Even the wild animals learned to avoid the Valley of the Bones, this place of the damned. In time the sands rolled over it and took its shape away.
Many years passed before anyone dared return. But then some ranchers saw the Two Trees and the grove of giant cactus. They dug a well to put down roots and a town was born.
By then, the legend had long been forgotten…
PART ONE
"THE INTERFACE"
"I have the direct experience
that in my essence
I am something apart
from the mental habits
that spin out my personality
and the current soap opera
of my life."
— Ken Keyes, Jr.
"the hundredth monkey"
"Appearances are evil, but they
are everything."
— Nietzsche
"Six hundred years of pain…The devil's reign."
—Peter Rourke, "Sour Candy"
"What color is the card I'm thinking of?"
"I don't know."
"Guess then."
"Green?"
"Try harder. Use the talent. Stop fucking around."
"I'm sorry. I am trying, honest."
"What number?"
"Twelve."
"Right, very good. Now the color."
"Red?"
"Wrong."
"Blue?"
"Shit. Pay attention, will you?"
"Brown. I see it now. It's like a reddish brown."
"Yes. Perfect."
"Can we stop for dinner?"
"Three numbers."
"I don't hear them."
"Then see them."
"I can't."
"No dinner until you try."
"But when it doesn't, it just doesn't, you know?"

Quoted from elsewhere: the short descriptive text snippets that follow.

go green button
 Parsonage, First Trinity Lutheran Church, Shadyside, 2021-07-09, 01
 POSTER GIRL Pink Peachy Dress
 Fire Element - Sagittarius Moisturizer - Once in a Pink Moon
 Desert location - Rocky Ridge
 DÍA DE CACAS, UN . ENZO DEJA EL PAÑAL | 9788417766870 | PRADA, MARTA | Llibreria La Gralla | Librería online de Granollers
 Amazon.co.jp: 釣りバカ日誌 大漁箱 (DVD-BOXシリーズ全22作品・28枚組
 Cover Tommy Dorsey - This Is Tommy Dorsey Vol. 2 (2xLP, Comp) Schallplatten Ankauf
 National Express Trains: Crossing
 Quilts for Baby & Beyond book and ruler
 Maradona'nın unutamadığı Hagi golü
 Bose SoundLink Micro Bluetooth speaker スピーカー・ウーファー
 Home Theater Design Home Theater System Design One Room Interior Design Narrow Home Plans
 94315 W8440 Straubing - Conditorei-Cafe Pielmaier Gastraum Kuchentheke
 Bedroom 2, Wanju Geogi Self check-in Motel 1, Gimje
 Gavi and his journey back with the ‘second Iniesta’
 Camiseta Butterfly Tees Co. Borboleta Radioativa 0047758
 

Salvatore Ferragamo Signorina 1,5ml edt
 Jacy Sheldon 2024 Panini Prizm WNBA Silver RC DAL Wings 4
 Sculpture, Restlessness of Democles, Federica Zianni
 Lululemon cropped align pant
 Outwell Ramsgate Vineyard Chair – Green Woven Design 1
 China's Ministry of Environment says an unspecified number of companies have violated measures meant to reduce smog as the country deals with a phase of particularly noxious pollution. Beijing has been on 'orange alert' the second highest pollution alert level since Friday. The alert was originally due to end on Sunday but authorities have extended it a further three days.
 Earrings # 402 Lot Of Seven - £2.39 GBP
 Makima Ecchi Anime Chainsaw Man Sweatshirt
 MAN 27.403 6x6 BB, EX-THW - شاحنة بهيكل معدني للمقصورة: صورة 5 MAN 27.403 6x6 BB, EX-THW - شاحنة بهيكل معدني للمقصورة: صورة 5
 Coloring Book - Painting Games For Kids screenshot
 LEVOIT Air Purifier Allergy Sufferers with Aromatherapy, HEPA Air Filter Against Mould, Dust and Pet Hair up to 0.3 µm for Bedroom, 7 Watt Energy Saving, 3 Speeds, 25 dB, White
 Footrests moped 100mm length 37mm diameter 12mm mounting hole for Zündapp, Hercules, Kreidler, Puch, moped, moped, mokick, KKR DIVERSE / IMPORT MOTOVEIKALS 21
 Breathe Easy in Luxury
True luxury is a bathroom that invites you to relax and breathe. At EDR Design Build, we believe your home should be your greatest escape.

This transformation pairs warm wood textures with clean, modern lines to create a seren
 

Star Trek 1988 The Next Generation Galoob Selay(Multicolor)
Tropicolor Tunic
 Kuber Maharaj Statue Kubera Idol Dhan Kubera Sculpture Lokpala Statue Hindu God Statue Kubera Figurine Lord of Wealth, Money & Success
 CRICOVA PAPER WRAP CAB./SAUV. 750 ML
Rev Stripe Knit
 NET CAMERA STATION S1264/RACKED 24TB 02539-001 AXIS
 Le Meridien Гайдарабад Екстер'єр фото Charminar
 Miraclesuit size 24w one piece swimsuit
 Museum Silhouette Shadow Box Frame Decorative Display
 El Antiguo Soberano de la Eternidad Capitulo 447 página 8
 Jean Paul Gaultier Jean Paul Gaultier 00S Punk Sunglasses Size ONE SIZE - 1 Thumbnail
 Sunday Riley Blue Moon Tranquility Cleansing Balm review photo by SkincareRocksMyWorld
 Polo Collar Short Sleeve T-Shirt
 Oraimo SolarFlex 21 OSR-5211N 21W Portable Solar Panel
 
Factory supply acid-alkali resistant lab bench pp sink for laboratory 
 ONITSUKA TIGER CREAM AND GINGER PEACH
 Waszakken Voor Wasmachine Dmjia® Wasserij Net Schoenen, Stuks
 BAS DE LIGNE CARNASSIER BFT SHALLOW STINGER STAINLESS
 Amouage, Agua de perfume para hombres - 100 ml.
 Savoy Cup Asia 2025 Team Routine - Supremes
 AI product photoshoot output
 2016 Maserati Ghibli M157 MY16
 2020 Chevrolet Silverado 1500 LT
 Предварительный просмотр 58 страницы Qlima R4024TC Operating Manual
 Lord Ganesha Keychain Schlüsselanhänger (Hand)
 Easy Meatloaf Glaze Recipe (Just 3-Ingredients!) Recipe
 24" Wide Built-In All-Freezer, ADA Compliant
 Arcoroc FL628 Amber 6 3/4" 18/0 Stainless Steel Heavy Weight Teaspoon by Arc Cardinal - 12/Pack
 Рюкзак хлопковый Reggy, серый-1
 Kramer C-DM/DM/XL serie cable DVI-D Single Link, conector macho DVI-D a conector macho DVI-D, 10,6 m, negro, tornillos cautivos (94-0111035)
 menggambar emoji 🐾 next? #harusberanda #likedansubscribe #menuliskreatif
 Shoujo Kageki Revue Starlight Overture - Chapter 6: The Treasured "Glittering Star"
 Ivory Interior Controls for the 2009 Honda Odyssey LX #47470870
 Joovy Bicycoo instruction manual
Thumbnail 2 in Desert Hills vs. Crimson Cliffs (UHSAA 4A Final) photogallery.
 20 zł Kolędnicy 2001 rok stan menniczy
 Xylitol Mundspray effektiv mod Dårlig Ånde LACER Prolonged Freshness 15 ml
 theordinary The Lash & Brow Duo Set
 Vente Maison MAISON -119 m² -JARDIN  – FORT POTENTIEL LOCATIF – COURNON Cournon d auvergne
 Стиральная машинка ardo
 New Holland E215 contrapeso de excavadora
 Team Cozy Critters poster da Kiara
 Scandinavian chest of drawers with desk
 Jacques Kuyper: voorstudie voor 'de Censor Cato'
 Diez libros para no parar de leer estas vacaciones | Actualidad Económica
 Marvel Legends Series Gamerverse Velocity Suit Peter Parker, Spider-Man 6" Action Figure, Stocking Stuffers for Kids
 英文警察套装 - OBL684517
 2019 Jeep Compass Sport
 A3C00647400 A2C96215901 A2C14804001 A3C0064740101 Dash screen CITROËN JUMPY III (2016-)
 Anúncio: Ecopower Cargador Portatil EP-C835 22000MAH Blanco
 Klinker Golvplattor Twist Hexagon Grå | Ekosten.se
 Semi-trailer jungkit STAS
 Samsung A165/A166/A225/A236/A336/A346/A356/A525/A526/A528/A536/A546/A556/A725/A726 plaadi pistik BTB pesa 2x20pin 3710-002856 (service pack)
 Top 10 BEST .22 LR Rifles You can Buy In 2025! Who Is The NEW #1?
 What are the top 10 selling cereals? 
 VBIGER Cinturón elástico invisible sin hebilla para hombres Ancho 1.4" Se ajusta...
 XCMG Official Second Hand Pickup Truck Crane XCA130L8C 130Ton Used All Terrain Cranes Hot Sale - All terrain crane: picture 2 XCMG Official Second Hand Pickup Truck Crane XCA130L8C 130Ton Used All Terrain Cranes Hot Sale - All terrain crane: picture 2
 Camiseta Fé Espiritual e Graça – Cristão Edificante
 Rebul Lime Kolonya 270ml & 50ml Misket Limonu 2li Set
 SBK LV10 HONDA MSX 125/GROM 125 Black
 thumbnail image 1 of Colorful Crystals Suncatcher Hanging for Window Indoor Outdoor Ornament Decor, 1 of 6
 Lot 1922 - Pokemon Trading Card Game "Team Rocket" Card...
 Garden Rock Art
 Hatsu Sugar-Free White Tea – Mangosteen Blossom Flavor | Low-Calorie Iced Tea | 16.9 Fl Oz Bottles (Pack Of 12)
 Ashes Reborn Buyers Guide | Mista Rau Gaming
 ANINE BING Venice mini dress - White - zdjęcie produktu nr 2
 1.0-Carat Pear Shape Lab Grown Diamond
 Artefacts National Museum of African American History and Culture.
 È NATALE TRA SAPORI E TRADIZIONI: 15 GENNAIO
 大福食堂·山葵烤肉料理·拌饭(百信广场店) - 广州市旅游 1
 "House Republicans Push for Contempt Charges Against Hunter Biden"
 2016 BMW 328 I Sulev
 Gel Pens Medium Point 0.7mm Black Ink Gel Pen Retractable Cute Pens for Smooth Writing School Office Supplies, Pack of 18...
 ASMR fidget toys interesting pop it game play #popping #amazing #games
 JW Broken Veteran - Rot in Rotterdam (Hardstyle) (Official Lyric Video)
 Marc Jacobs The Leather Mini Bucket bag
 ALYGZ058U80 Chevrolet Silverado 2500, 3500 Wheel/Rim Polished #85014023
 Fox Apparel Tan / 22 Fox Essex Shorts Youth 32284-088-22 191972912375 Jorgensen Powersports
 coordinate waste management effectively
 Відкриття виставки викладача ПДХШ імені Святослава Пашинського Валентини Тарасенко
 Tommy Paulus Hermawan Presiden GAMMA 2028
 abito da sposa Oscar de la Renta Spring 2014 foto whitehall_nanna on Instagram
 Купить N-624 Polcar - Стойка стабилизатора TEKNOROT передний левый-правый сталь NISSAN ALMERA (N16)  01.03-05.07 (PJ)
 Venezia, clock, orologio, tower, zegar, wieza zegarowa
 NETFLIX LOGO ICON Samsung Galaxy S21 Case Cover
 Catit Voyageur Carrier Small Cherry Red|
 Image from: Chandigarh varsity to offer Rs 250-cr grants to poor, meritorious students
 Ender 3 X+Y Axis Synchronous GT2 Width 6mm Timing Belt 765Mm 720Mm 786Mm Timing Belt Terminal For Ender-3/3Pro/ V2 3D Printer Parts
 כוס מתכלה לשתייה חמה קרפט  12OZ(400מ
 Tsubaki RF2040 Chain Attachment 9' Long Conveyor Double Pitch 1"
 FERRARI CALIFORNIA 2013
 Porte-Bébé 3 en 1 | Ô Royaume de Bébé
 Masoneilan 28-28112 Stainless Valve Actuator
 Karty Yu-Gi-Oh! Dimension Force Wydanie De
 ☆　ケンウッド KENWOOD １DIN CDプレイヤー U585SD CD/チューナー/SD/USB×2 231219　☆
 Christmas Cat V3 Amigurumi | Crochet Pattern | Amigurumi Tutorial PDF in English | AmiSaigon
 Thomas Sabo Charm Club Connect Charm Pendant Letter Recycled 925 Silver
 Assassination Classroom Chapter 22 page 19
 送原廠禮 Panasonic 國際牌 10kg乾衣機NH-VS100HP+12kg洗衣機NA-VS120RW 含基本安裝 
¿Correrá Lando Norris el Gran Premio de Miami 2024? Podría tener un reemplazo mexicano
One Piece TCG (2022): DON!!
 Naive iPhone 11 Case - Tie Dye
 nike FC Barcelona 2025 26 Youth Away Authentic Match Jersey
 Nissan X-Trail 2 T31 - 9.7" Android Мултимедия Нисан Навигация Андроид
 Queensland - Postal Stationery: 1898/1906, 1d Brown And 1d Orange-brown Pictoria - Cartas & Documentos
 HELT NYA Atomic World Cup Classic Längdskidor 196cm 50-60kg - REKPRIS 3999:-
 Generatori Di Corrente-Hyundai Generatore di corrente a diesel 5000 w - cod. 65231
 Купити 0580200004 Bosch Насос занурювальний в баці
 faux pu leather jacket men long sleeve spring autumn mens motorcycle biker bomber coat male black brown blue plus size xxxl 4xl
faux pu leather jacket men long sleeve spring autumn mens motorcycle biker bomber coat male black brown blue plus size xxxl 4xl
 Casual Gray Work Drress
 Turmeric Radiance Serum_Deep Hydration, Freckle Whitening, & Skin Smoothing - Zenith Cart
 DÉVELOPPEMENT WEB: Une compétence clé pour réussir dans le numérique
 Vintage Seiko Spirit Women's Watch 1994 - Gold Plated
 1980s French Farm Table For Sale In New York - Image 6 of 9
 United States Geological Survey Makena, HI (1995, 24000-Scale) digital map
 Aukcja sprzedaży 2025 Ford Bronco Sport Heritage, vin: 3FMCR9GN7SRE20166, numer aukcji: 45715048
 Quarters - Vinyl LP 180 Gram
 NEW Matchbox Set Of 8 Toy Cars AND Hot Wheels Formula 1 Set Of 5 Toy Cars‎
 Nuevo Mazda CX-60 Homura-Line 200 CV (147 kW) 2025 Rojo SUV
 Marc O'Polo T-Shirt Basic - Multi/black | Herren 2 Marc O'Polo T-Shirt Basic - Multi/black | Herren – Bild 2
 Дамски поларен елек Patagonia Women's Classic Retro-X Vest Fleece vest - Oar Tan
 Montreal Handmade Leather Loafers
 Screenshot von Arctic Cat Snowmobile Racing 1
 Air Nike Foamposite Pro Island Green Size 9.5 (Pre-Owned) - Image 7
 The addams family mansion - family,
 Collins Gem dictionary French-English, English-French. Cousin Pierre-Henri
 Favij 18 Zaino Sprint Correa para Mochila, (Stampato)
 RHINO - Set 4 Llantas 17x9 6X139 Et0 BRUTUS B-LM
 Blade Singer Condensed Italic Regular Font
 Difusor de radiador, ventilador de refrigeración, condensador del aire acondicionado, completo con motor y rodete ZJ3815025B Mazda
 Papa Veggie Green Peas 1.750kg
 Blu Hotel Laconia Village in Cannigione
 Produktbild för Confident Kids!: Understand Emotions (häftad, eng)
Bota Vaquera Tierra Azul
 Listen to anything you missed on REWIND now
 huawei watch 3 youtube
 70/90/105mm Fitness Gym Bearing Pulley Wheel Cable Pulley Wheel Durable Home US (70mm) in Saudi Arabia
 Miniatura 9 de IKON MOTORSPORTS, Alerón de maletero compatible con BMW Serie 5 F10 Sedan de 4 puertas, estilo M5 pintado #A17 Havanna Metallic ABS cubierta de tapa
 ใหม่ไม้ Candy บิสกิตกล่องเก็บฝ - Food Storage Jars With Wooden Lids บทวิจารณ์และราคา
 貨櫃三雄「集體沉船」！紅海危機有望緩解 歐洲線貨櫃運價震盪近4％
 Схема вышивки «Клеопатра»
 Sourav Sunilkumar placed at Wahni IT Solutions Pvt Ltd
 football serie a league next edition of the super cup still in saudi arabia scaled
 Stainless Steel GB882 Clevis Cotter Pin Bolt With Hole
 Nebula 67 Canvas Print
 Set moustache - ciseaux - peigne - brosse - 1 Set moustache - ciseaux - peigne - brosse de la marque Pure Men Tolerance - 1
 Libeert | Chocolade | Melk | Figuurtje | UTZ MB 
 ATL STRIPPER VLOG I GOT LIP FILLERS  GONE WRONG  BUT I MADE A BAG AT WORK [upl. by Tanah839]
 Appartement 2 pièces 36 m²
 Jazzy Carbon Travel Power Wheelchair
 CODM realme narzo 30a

"No, I don't know. Three numbers."
"I get colors better."
"That's why I'm leaning on numbers, stupid."
"I know! One, two, three."
"Yeah. Now, is that simple enough for you?"
"I looked in the wrong places."
"Then don't. I'm going to play some music. Tell me something about who composed it."
"That's not fair."
"I don't have to be fair. I'm your father."
1
ROURKE
Peter Rourke eyed the musicians packed into the tiny recording studio like a prisoner peering out at a lynch mob.
"This sucks," he moaned.
"Maybe the song sucks," Bryan Friedheim replied. He straightened his beret and flicked
some imaginary lint from his puffed sleeves. Then, observing the genuine anguish in Peter's eyes, the gay engineer campily waved one wrist in the air. "But then again, so do I."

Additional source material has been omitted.